BRICS Kian Menguat, Ekonomi Kolektif Tembus Rp552.000 Triliun: Peran Strategis Indonesia Dipuji
SUARAMERDEKASOLO.COM – Konferensi Tingkat Tinggi (KTT) BRICS ke-17 berlangsung di Rio de Janeiro, Brasil, pada 6–7 Juli 2025. Untuk pertama kalinya, Indonesia hadir sebagai anggota penuh dalam forum strategis ini. Langkah tersebut menjadi bagian penting dari upaya Indonesia memperkuat perannya dalam perekonomian dan politik global.
Kehadiran Indonesia menegaskan komitmen terhadap kerja sama multilateral. Selain itu, hal ini menunjukkan arah baru diplomasi ekonomi yang lebih aktif dan terbuka.
BRICS Terima 11 Negara Baru
Dalam pernyataan resmi, para pemimpin BRICS menyambut kehadiran 11 negara baru. Indonesia termasuk di dalamnya, bersama Belarus, Bolivia, Kazakhstan, Kuba, Nigeria, Malaysia, Thailand, Vietnam, Uganda, dan Uzbekistan.
“Kami menyambut Republik Indonesia sebagai anggota BRICS, serta negara-negara lainnya sebagai mitra,” kata perwakilan BRICS, dikutip dari DDNews.
Awalnya, BRICS terbentuk pada 2009. Negara pendirinya terdiri dari Brasil, Rusia, India, dan Tiongkok. Afrika Selatan bergabung pada 2010. Kemudian, pada 2024, enam negara baru masuk sebagai anggota penuh, termasuk Indonesia.
Kekuatan Ekonomi BRICS Terus Meningkat
Menurut data 2024, total Produk Domestik Bruto (PDB) gabungan anggota BRICS mencapai US$30,2 triliun. Jika dikonversi, angka ini setara dengan Rp489.546 triliun (kurs Rp16.230 per US$1). Jumlah ini mewakili sekitar 27% dari total PDB dunia, yang mencapai US$111,3 triliun atau sekitar Rp1.806.699 triliun.
Sementara itu, negara-negara mitra BRICS memiliki PDB gabungan sekitar US$3,8 triliun atau setara Rp61.674 triliun. Jika digabungkan, kekuatan ekonomi kolektif BRICS dan mitranya mencapai US$34 triliun atau sekitar Rp552.420 triliun.
Angka tersebut menunjukkan bahwa BRICS kini menjadi blok ekonomi negara berkembang dengan pengaruh besar secara global.

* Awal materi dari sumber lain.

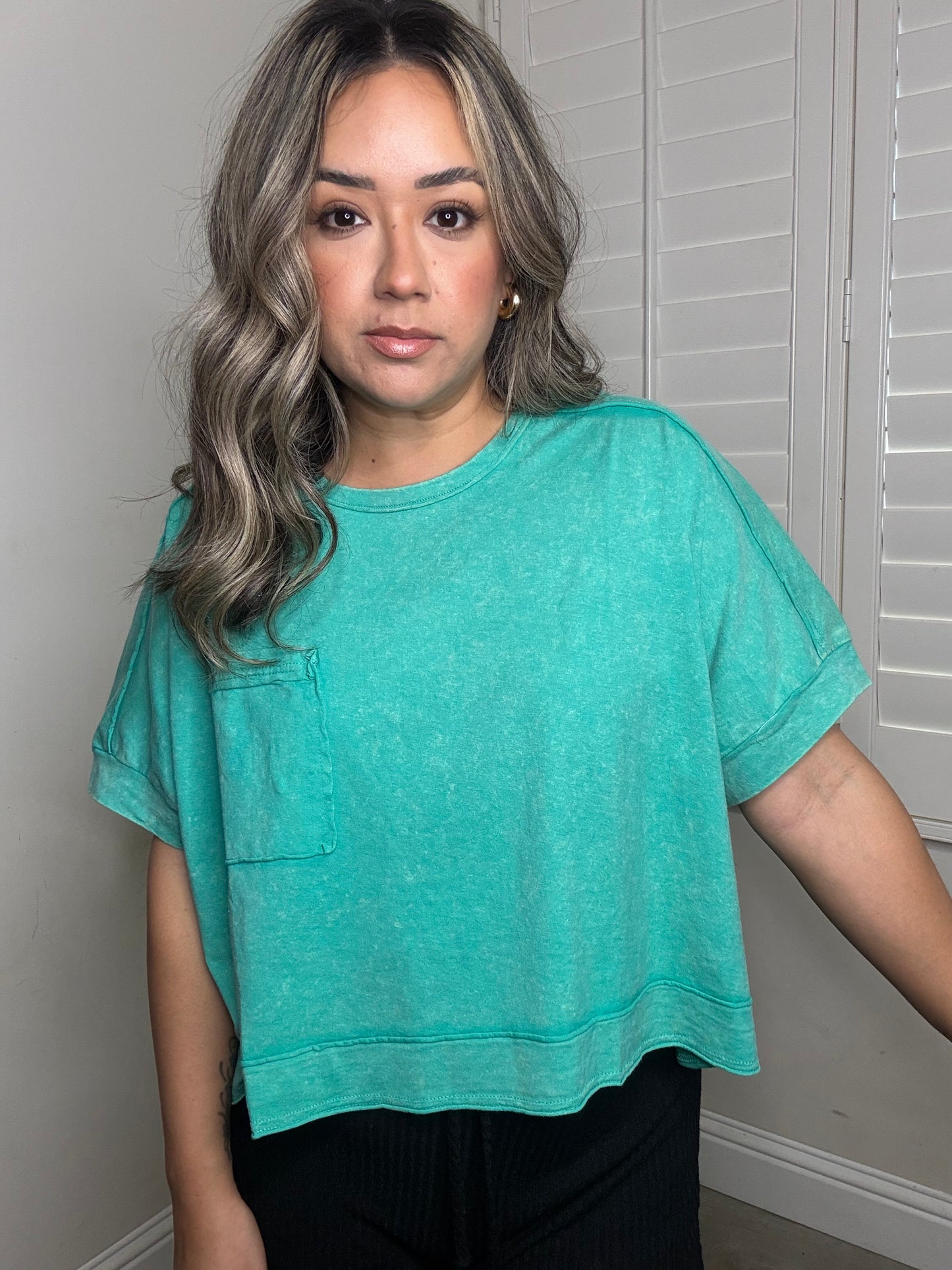 Kai Oversized Cropped Tee- Washed Seafoam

BRICS Bahas Isu Global dan Kritik Tarif Trump
Dalam KTT 2025, para pemimpin BRICS menyoroti berbagai isu global. Mereka mengecam keras agresi terhadap Gaza dan Iran. Selain itu, mereka mendorong reformasi terhadap lembaga-lembaga internasional agar lebih adil dan representatif.
BRICS juga menyampaikan kritik terhadap kebijakan Presiden AS, Donald Trump. Mereka menilai tarif resiprokal yang diberlakukan sebagai ancaman bagi sistem perdagangan global. BRICS menyebut pendekatan proteksionis seperti “America First” sebagai hambatan bagi kestabilan ekonomi internasional.
Peluang Besar bagi Indonesia
Keterlibatan penuh Indonesia dalam BRICS membawa dampak positif. Indonesia kini memiliki peluang lebih besar untuk berperan dalam pengambilan keputusan global. Dengan pertumbuhan ekonomi yang stabil, Indonesia bisa memperkuat posisinya sebagai kekuatan utama di kawasan.
Langkah ini sejalan dengan prinsip politik luar negeri Indonesia yang bebas aktif. Selain itu, keterlibatan dalam BRICS membuka akses yang lebih luas terhadap kerja sama perdagangan, investasi, dan teknologi.